Tonight in Brooklyn I heard something I haven’t heard since my trip to the Middle East last summer - an Islamic call to prayer. The imam’s voice was the familiar haunting, melancholy chant. I couldn’t understand the words, but when I recognized what it was gave me pause. What calls me to pray?
For those of us who live in communities that don’t regularly call us to prayer (most of the people reading this, I assume, Johnson City folks excluded), what sparks our minds and hearts to turn towards God? Is it lost keys, a doctor’s visit, the win of a ball game, or sitting down to a meal? Some of us might pray in bed as we fall asleep or the especially saintly (in my night owl opinion) get up early and spend time with God.
But what is the call? What triggers that desire inside you? That trigger says a lot about what you think about God. Provider, healer, an ever present help in time of lost items. I would encourage you find something that regularly (daily or throughout the day) calls you to prayer, whether it be alone or with others, because God “is able to accomplish abundantly far more than all we can ask or imagine”!! When we align ourselves with God’s will our lives will take on new meaning and direction. We will begin to see people as God sees them and to be able to interpret life events through an eternal lense.
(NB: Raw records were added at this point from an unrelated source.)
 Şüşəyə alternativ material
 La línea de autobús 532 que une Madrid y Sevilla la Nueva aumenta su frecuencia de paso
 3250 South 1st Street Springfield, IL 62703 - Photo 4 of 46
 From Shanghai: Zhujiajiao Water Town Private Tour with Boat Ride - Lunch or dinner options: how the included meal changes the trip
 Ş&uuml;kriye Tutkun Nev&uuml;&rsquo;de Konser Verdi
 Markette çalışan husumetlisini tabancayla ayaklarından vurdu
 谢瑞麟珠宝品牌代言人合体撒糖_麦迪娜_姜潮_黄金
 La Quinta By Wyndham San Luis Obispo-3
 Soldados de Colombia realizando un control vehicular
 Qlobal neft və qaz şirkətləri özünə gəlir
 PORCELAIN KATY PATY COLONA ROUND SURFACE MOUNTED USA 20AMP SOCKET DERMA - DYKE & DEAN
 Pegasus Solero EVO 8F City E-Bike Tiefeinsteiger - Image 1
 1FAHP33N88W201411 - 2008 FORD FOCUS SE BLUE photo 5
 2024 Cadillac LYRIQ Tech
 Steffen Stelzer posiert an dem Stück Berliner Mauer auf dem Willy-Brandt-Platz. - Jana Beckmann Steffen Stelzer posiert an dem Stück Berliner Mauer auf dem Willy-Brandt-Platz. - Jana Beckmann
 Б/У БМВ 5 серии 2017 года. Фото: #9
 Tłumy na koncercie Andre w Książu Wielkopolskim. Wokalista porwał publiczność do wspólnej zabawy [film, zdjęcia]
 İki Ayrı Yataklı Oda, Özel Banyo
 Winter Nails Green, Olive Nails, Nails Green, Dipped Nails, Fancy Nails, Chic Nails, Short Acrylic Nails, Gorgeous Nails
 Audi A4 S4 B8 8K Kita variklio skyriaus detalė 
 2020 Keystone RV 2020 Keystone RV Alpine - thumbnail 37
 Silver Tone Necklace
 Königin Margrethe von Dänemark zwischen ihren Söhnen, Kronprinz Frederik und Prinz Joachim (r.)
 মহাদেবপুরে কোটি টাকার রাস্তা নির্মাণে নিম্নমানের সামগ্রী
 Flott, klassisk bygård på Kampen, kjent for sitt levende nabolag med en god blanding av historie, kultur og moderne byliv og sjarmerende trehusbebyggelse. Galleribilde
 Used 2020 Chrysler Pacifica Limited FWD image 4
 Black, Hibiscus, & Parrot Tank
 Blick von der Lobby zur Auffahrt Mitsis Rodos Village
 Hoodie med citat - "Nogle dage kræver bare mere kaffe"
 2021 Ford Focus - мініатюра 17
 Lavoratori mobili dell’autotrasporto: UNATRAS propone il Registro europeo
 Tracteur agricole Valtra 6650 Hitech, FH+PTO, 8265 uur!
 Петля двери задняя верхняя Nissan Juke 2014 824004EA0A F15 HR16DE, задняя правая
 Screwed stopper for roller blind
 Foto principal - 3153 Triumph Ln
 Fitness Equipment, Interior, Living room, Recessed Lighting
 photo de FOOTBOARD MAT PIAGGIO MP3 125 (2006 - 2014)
So to get you started, here’s one of my favorite prayers, from the letter to Ephesus: ”I pray that, according to the riches of his glory, he may grant that you may be strengthened in your inner being with power through his Spirit, and that Christ may dwell in your hearts through faith, as you are being rooted and grounded in love. I pray that you may have the power to comprehend, with all the saints, what is the breadth and length and height and depth, and to know the love of Christ that surpasses knowledge, so that you may be filled with all the fullness of God. Now to him who by the power at work within us is able to accomplish abundantly far more than all we can ask or imagine, to him be glory in the church and in Christ Jesus to all generations, for ever and ever. Amen” (Ephesians 3:16-21).